**Your assignment**
Pictures in the data should be dropped; transcribe exactly the lines from the one that has "Hyundai Staria LPG Tourer Modern 8" through the one that has "Hot Selling Cheap".

**Exercise input**
=== Begin Enclosure ===

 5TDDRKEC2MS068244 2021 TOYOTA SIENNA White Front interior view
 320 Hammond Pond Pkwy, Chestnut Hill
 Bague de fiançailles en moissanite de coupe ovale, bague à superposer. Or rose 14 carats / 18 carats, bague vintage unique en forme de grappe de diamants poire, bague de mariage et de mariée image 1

=== End Enclosure ===
=== Begin Enclosure ===

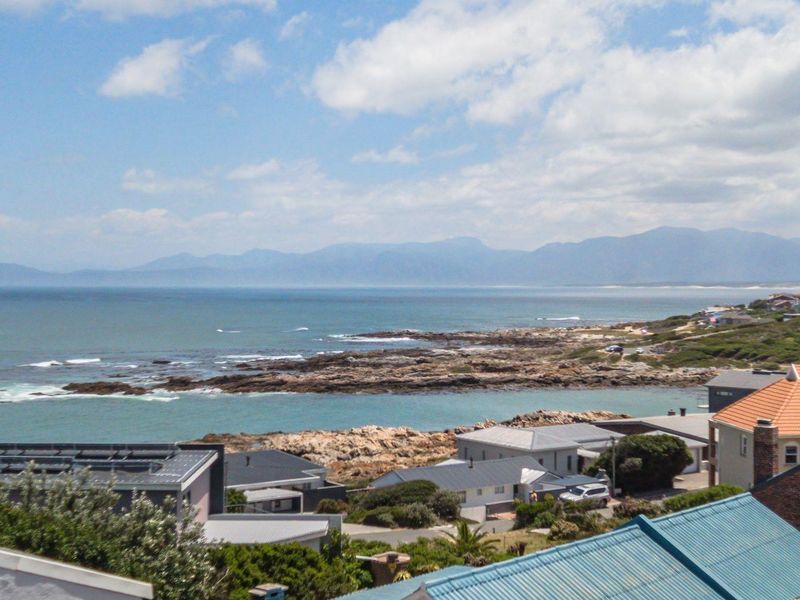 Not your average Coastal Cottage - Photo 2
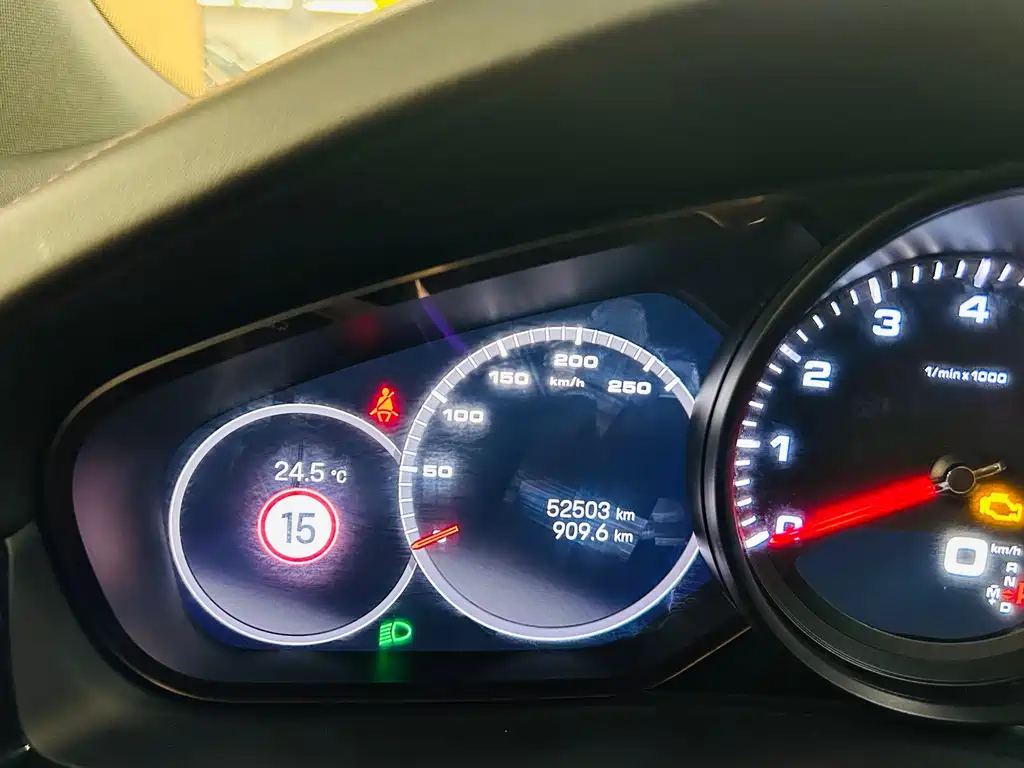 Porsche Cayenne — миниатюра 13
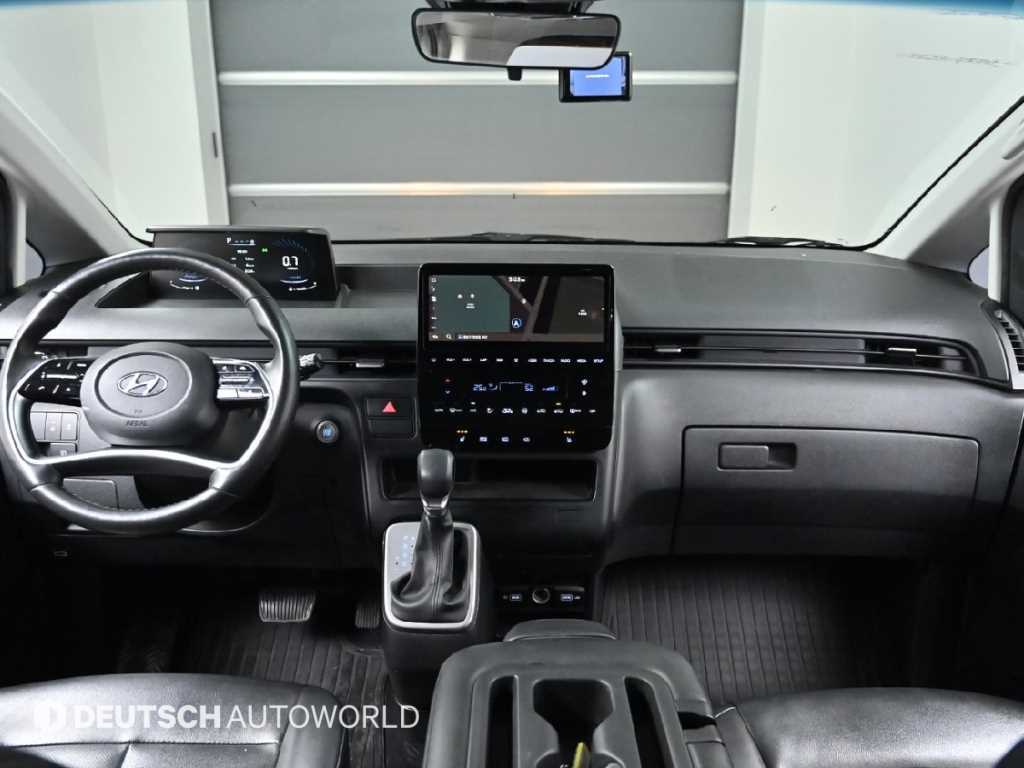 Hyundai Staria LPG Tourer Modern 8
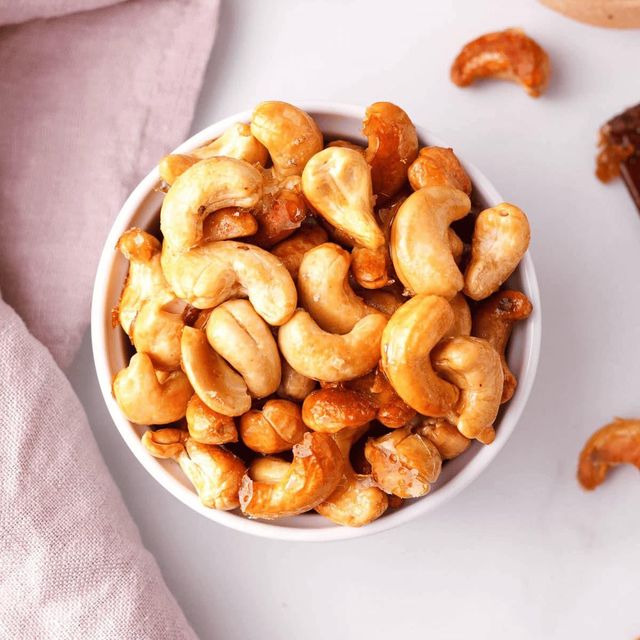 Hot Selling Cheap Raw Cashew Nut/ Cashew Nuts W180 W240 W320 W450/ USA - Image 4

=== End Enclosure ===

**Written solution**
 Hyundai Staria LPG Tourer Modern 8
 Hot Selling Cheap Raw Cashew Nut/ Cashew Nuts W180 W240 W320 W450/ USA - Image 4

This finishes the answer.